Reputation: 359
I'm trying to replace string in one the columns inside my dataframe(df). Here's what df looks like:
0 1
0 2012 Black Toyota Corolla White/Black/Red
1 2013 Red Toyota Camry Red
2 2015 Blue Honda Civic Blue
3 2012 Black Mazda 6 Black/Red/White
4 2011 White Nissan Maxima White/Red/Black
Sometimes, column 1 has multiple color values, sometimes only a single value. I would like to take however many values there are in column 1, check if any of those exist in column 0 and remove that value from column 0.
I've tried approaching it this way.
def removeColor(main,sub):
for i in sub.split('/'):
main = main.str.replace(i, '')
return(main)
>>> df['0'] = df['0'].map(lambda x: removeColor(x['0'],x['2']))
This results in a TypeError.
TypeError: string indices must be integers
My expected output looks like below:
0 1
0 2012 Toyota Corolla White/Black/Red
1 2013 Toyota Camry Red
2 2015 Honda Civic Blue
3 2012 Mazda 6 Black/Red/White
4 2011 Nissan Maxima White/Red/Black
Upvotes: 1
Views: 2245
Reputation: 41
import pandas as pd
iLoc = pd.DataFrame({'0': ['2012 Black Toyota Corolla','2013 Red Toyota Camry','2015 Blue Honda Civic','2012 Black Mazda 6','2011 White Nissan Maxima'],'1': ['White/Black/Red','Red','Blue','Black/Red/White','White/Red/Black']})
display(iLoc)
def removeColor(main,sub):
for i in range(len(main)):
for j in str(sub[i]).split('/'):
main[i] = main[i].replace(j, '').replace(' ',' ').strip()
return main
iLoc["0"] = removeColor(iLoc["0"],iLoc["1"])
display(iLoc)
Your method was partially correct.
You need to extract value from the series and replace each main row with its substring row from same index
Upvotes: 1
Reputation: 2137
map
only works on a Series. In your lambda
function, x
would be a String (the value for column "0"), so when you do x["0"]
and x["1"]
it's trying to get the index from a String, hence your error.

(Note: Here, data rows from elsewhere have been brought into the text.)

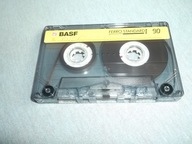 KASETA magnetofonowa BASF FERRO Standard I 90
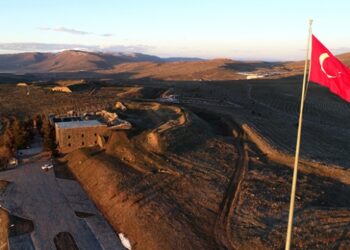 Doğu Anadolu’nun güzellikleri havadan görüntülendi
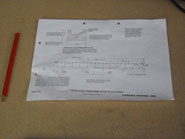 Bastisor de soporte de los mamparos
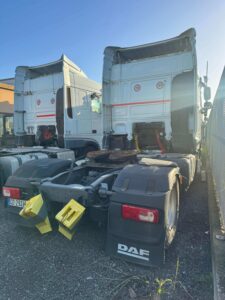 truck XF480SLH GD291HT 92267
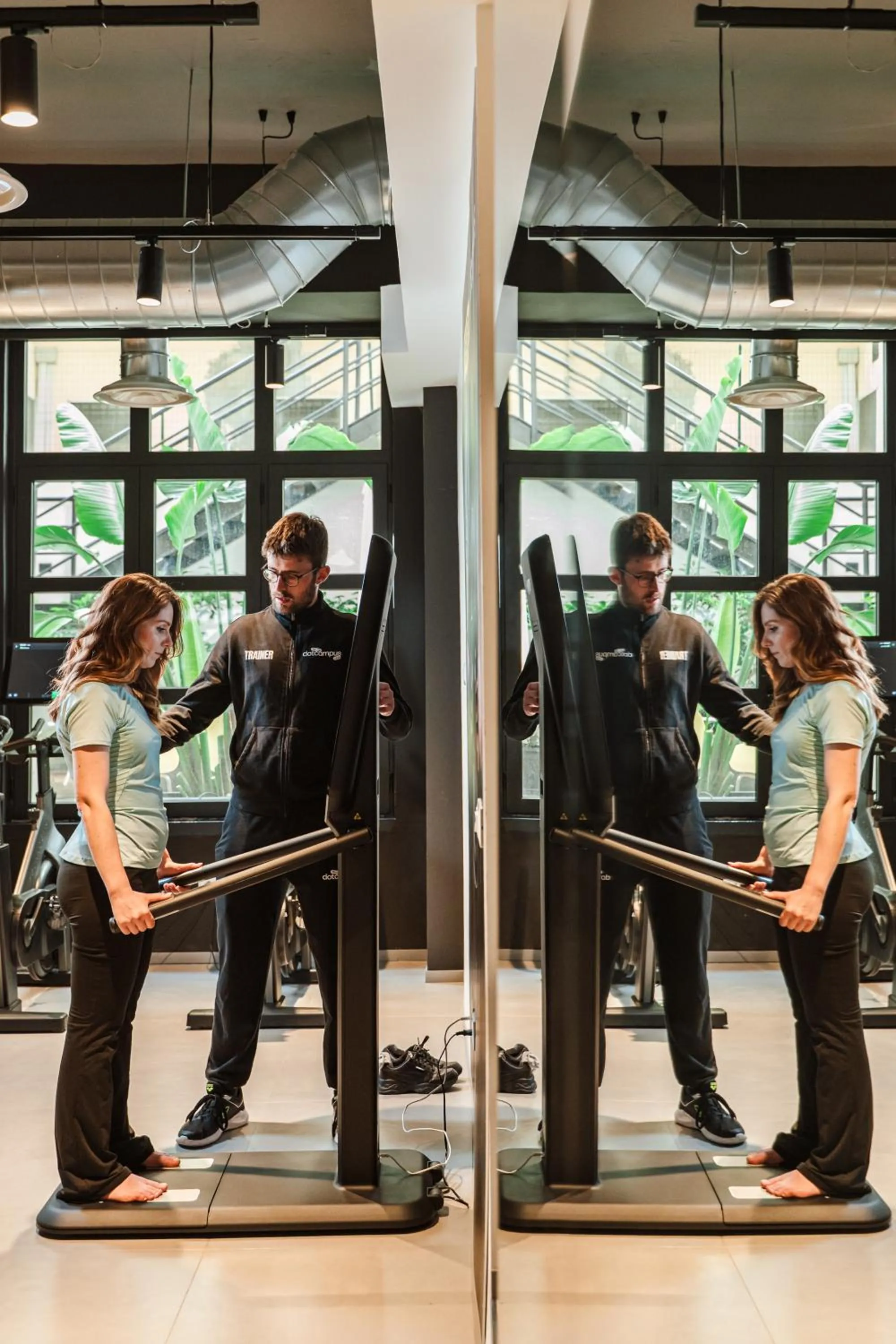 Fitness centre/facilities in Dotcampus Roma City Center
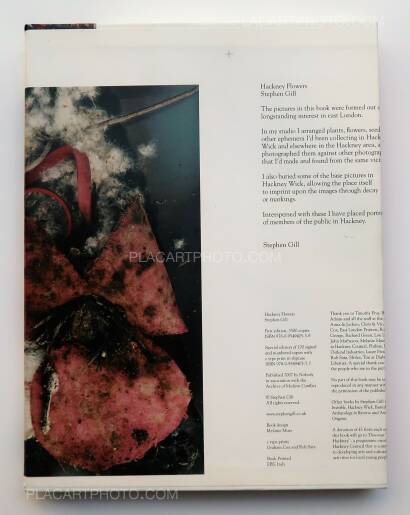 Stephen Gill,Hackney Flowers (LTD & SIGNED WITH PRINT) Stephen Gill,Hackney Flowers (LTD & SIGNED WITH PRINT)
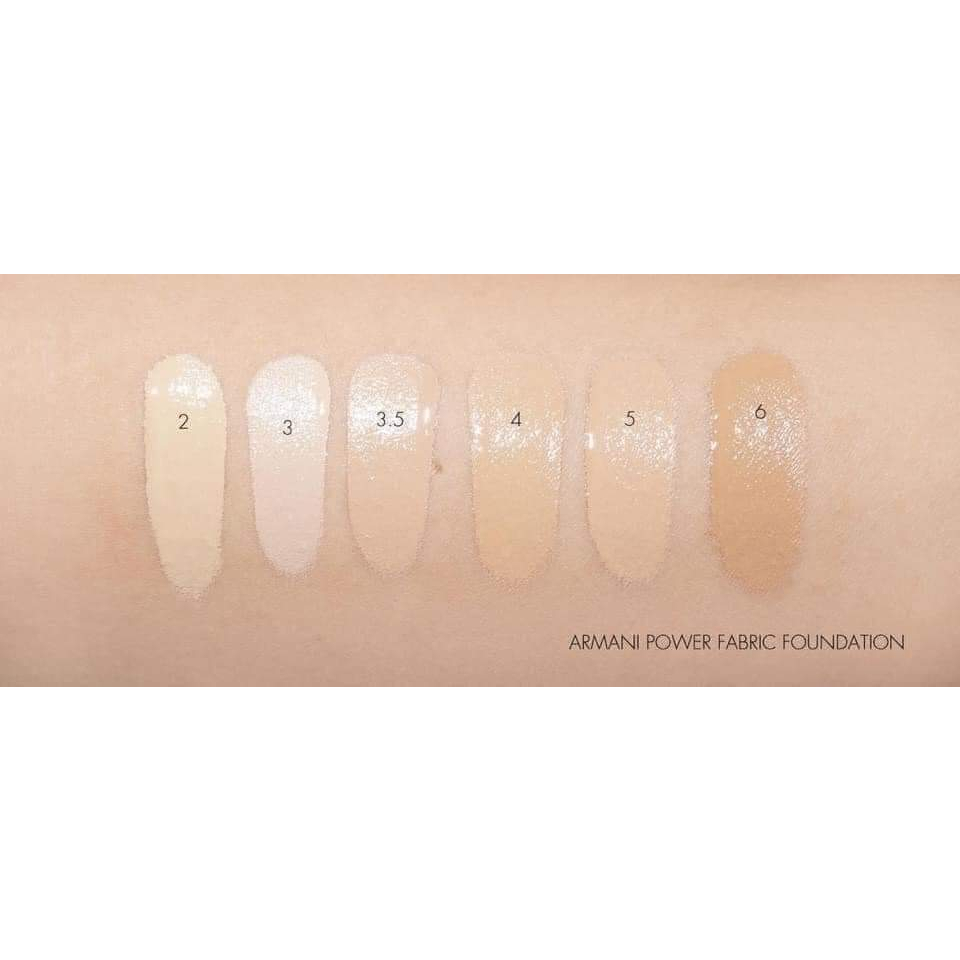 Kem nền Giorgio Armani Power Fabric Fullsize 30ml - Freyja.Store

The apply function lets you act on an entire row (or column) and would be better suited. Here's one way to accomplish what you're after:
import re
def remove_color(row):
return re.sub(row.iloc[1].replace("/", "|"), "", row.iloc[0]).replace(" ", " ")
df.iloc[:, 0] = df.apply(remove_color, axis=1)
You could replace the iloc
calls with specific column names to make it more readable (you mentioned col names could be anything so I'm giving a generic approach here).
The second replace
call is to remove extra spaces that were left by the re.sub
. You could modify your re.sub
to do that on a single call, but it could get messy.
Upvotes: 1